Humphries sprang auf. Die Krankenschwester stand noch vor der Tür, die sich langsam öffnete. Die Hebamme kam heraus und zog sich die Maske vom Gesicht. Sie sah müde aus.

»Mein Sohn?«, wollte Humphries wissen.

»Der Junge ist wohlauf«, sagte die Frau ohne ein Lächeln. »Morgen oder übermorgen werden wir die üblichen Tests mit ihm machen, aber er scheint soweit normal entwickelt zu sein. Ein wenig mager, aber das ist nicht ungewöhnlich für ein Frühchen.«

Mager, sagte Humphries sich. Aber er ist in Ordnung. Er wird wachsen. Ich werde einen gesunden Sohn haben.

»Ihre Frau …«, murmelte die Hebamme.

»Ist sie in Ordnung?«

Die Ärztin schüttelte den Kopf.

»Amanda?«

»Sie hat es leider nicht geschafft, Sir. Ihr Herz blieb stehen, und wir vermochten sie nicht wiederzubeleben.«

Humphries starrte die Frau mit offenem Mund an. »Sie ist tot? Amanda ist tot?«

»Es tut mir sehr Leid, Mr. Humphries«, sagte die Hebamme und wich seinem Blick aus. »Wir haben alles Menschenmögliche getan.«

»Er hat sie umgebracht«, murmelte Humphries. »Der Bastard hat sie umgebracht.«

»Es ist aber nicht die Schuld des Babys«, sagte die Hebamme und blickte ihn erschrocken an.

»Er hat sie umgebracht«, schrie Humphries.

Habitat Chrysallis

Pancho ließ alles stehen und liegen und flog mit Vollschub nach Ceres, wobei sie den Flug von Selene in knapp unter dreißig Stunden bewältigte.

Als ihr Fusionsschiff das Habitat im Orbit um Ceres erreichte und an einer der Luftschleusen andockte, empfand Pancho es als wohltuend, wieder eine Gravitation von einem Sechstel Ge zu verspüren.
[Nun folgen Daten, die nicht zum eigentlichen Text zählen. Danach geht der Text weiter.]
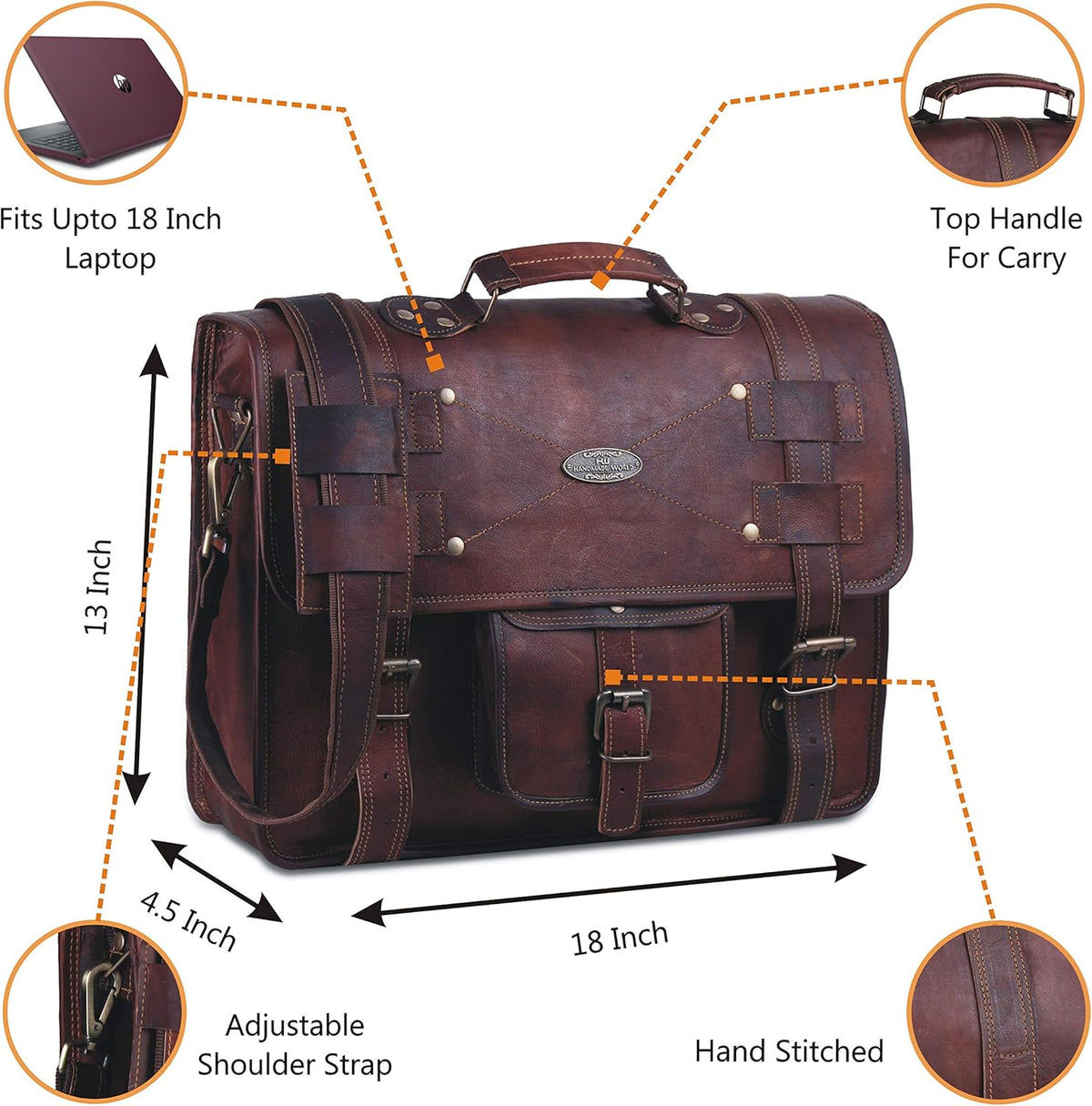 Distressed Leather Messenger Bag Satchel (13 X 18) H39350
Habe mich schon so lang in der Mondgravitation aufgehalten, dass es mir inzwischen ganz normal vorkommt, sagte sie sich. Sie marschierte durch den Hauptgang der miteinander verbundenen Raumschiffe und steuerte Big Georges Unterkunft an.
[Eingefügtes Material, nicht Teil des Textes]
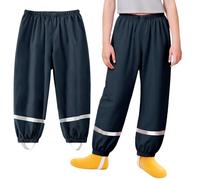 Baogaier Pantalon de Pluie pour Enfants, Tout-Petits Non doublée Pantalon Coupe-Vent et imperméable Pluie, Bleu Marine Garçons Anti-Boue Léger et Fin Pantalon avec Réfléchissant pour 7-8 Ans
Als er seinerzeit zum Verwaltungschef der Felsenratten gewählt worden war, hatte George bekräftigt, dass er sich weder ein protziges Büro einrichten noch unnötig viel Personal einstellen würde. Im Lauf der Jahre hatte er sich auch an diese Vorgaben gehalten — in gewisser Weise. Das Büro befand sich noch in Georges Unterkunft; nur dass sein Quartier langsam, aber stetig sich ausgebreitet hatte, bis es die ganze Länge eines der Raumschiffsmodule einnahm, aus denen Chrysallis bestand.

»Nur eine Seite des Durchgangs«, rechtfertigte George sich grollend, als Pancho ihn deshalb aufzog. »Und ich habe keinen einzigen Mitarbeiter angestellt, den ich nicht wirklich gebraucht hätte.«

Georges »Büro« war noch immer das Wohnzimmer seines Quartiers. Er hatte keinen Schreibtisch, nur bequeme Möbel, die aus verschrotteten Raumschiffen stammten. Nun saß er auf einem Liegesitz, der einmal eine Pilotenliege gewesen war. Pancho hatte sich quer auf einen ähnlichen Sitz gesetzt und ließ die langen Beine über die Armlehne baumeln.